Additional musicians

- Aaron Sands – bass
- Jeremy Lutito – drums
- Erin Horner – French horn
- Jennifer Kummer – French horn
- John Catchings – cello (12)
- Kristin Wilkinson – viola
- Jonathan Beach – violin
- Ned Henry – violin (8)
- Christopher Davis – horn and string arrangements
- Rosemary Butler – additional vocals (3, 9)
- Ashley Cleveland – additional vocals (3, 9)
- Kim Fleming – additional vocals (3, 9)
- Kate York – additional vocals (4)
- Leigh Nash – additional vocals (10)
- African Children's Choir – additional vocals (11)
- Elizabeth Panga – soloist

Production

- Terry Hemmings – executive producer
- Jars of Clay – producers, art direction
- Mitch Dane – recording
- Vance Powell – recording, mixing (3, 4, 6–12)
- Allen Ditto – recording assistant, mix assistant (3, 4, 7–12)
- Will James – recording assistant, mix assistant (3, 4, 7–12)

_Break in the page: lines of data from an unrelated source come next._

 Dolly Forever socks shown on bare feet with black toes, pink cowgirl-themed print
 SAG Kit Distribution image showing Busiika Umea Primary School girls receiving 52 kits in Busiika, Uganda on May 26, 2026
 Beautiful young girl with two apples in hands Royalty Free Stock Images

- Mike Odmark – recording assistant
- David Robinson – recording assistant
- Chris Lord-Alge – mixing (1, 5)
- Jay Ruston – mixing (2, 6)
- Keith Armstrong – mix assistant (1, 5)
- Dim-E – mix assistant (1, 5)
- Seth Morton – mix assistant (3, 4, 7–12)
- Nathan Yarborough – mix assistant (3, 4, 7–12)

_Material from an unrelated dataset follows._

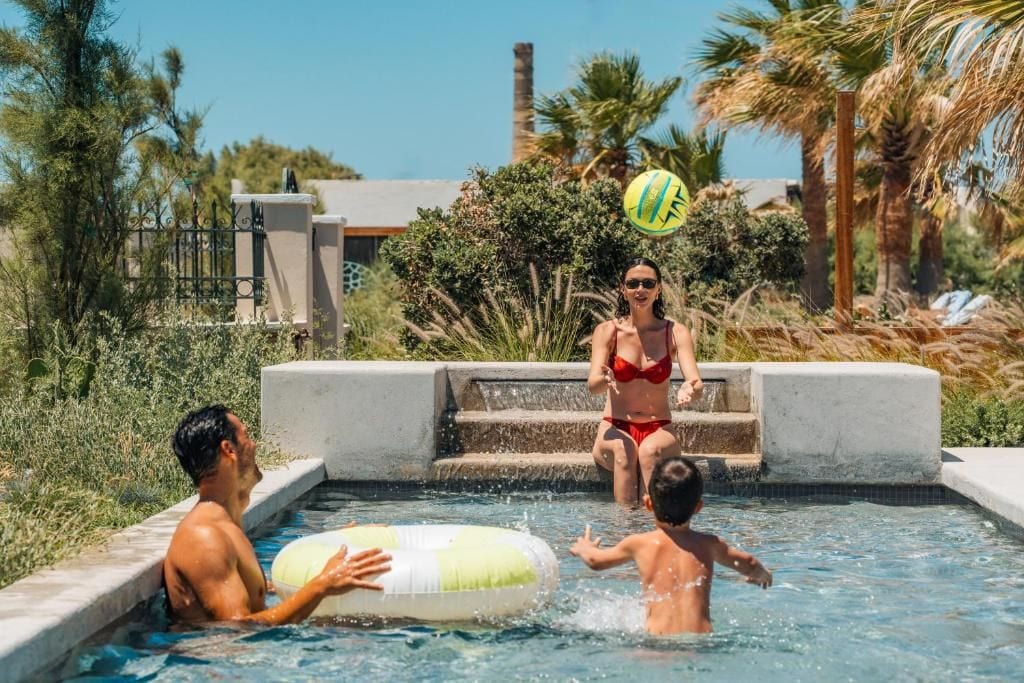 A swimming pool with a person on a floating platform, another person standing on the edge, and a third person in the water.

- Richard Dodd – mastering at RichardDodd.com, Nashville, Tennessee
- Conor Farley – A&R coordinator
- Michelle Pearson – A&R production
- Tim Parker – art direction
- Jonathan Richter – art direction, cover design, packaging design
- Wolf Hoffman – photography
- Star Klem – stylist
- Robin Geary – hair, make-up
- Blackbird Studios, Nashville, Tennessee – recording studio
- Sputnik Sound, Nashville, Tennessee – recording studio
- Blackbird Studios, Sherman Oaks, California – mixing location
- TRS West, Sherman Oaks, California – mixing location
- Resonate Music, Burbank, California – mixing location

== Honors ==
- CCM Magazine named Good Monsters its Album of the Year shortly after its September release, unusually early for such a distinction. Editor Jay Swartzendruber declared it "the landmark album of 2006." He noted that all six members of CCM's editorial team agreed on the selection and that it was "the most profound album the Christian music community has released in years."

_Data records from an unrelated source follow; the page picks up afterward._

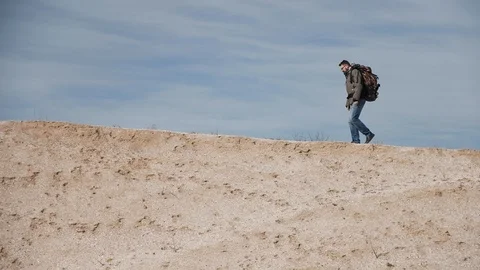 A tourist in glasses for sight with a large backpack walks along a sand mound on Stock Footage 103650453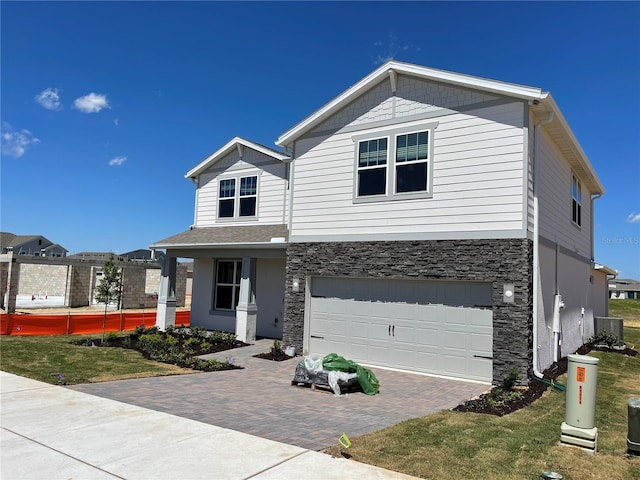 view of front of home with a garage and a front lawn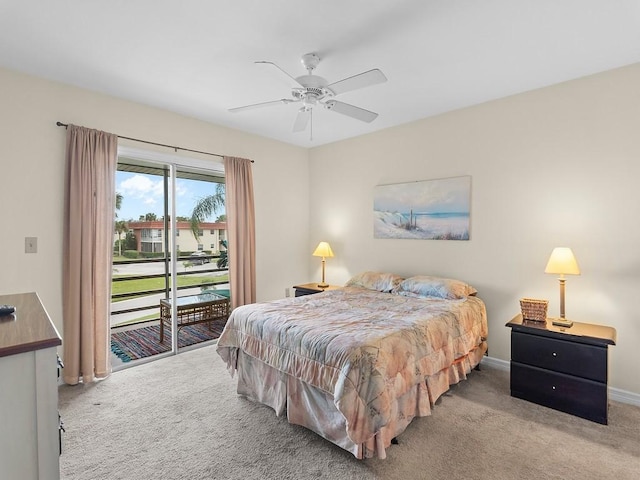 bedroom with access to outside, light colored carpet, and ceiling fan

- Good Monsters was Christianity Todays No. 1 album of 2006, and ranked No. 5 of New Release Tuesday's top 10 albums of 2006.
- Good Monsters won the Best Rock/Contemporary Album of the Year at the GMA Dove Awards of 2007 held at the Grand Ole Opry House in Nashville.
- The album peaked at No. 58 on the Billboard 200. More than 15,000 copies were sold in its first week.